The Rockefeller Foundation, Ceniarth, DOEN Foundation, Shell Foundation, and UK Aid provided initial funding. The fund was established in 2019 and expects to invest $150 million in solar projects over the next two years.
The minigrids will combine solar and batteries to provide 24/7 grid-quality power to households and businesses. This initiative will enable residential and small business subscribers to access renewable electricity for the first time. The solar-powered minigrids will help to bridge the gap by bringing clean electricity to rural areas of Africa that do not presently have access to electricity.
About 75% of the world’s population lives in Sub-Saharan Africa, which lacks access to power. South Sudan, Burundi, Chad, Malawi, Burkina Faso, Madagascar, and Tanzania are among the world’s least electrified countries and might benefit from sustainable energy sources such as solar and wind.
According to the International Energy Agency (IEA), the solar minigrid sector needs $187 billion of investment to achieve universal energy access by 2030. CBEA believes project finance is key to unlocking the long-term, infrastructure-type capital that the minigrid sector needs. CBEA first pioneered its blended project finance structures in 2019 with funding from the Rockefeller Foundation, Ceniarth, DOEN Foundation, Shell Foundation and UK Aid.
CBEA will deploy a total of $150 million over the next two years to bring clean energy to 1 million people in Africa. Minigrids combine solar power and batteries to provide 24/7 grid-quality power to homes and businesses. This initiative will allow residential and local small business subscribers to access renewable electricity for the first time. The solar-powered mini-grids will help bridge the gap by bringing clean electricity to rural areas in Africa that currently have no access to electricity.

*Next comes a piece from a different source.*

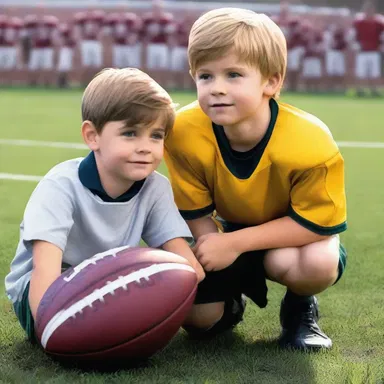 The heartwarming family movie tells the story of a young boy who overcomes various obstacles to fulfill his dream of playing football professionally during football season.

According to the IEA, more than 600 million people in Africa do not have access to electricity. Solar minigrids solve this problem, unlocking the potential of those living without electricity. CBEA ‘s blended finance approach creates a new model for rural financing electrification in Africa, bringing renewable electricity to 1 million people once the $150 million target is fully implemented.
“Work is still needed on every aspect of mini-grids, including regulation, business model, and subsidy programs,” said Gabriel Davies, managing director and head of energy access at CrossBoundary. “But we’re excited by the step-change in scale and pace that we’re seeing from developers, investors, regulators, and donors. We’re also encouraged by the amount of capital the sector is prepared to absorb in the next 24 months.”
William Barry, managing director of ARCH Emerging Markets Partners’ Africa Renewable Power Fund, also said that distributed renewables, including minigrids will be a “critical component of Africa’s energy future.” He added CrossBoundary is helping to provide a “blended approach to the challenge of unlocking capital” for such initiatives.